= George Derville Rowlandson =

British painter (1861–1928)

George Derville Rowlandson (1861-1928) was a British painter. He is best known for his equestrian portraits. Some of his work can be found at the Museum of Polo and Hall of Fame in Lake Worth, Florida.

Rowlandson was born on 11 December 1861 in Secunderabad, Madras, India, the son of George Rowlandson an Indian Army colonel, and studied at the Gloucester Art School as well as the Westminster School of Art, London, and in Paris. He first worked as an illustrator, contributing works to The Illustrated London News between 1897 and 1900 and the English Illustrated Magazine from 1899 to 1900. He then exhibited oil paintings and watercolours at the British Institution and the Royal Institute of Painters in Watercolours between 1911 and 1918.
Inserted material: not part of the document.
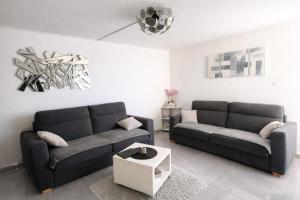 a living room with two couches and a table at Studio cosy, Centre Port, Piscine, proche plage in Cap d'Agde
G.D.Rowlandson painted figure scenes, sporting subjects, landscapes and animals in both oils and watercolours. He is best known for his equestrian portraits, hunting scenes and military subjects and was one of the first official First World War artists.

In 1898 he married Manuela Francis Annie Cooke, daughter of Philip Cooke, a solicitor, in Newent, Gloucestershire. They had two sons George Philip, born in 1899 and Paulin Edward, born in 1904. The elder son died in action in 1918 during the First World War. The inscription chosen for George Philip's gravestone in Belgium was "GOD IS LOVE".

Rowlandson died on 23 December 1928, aged 67, in Hammersmith, London.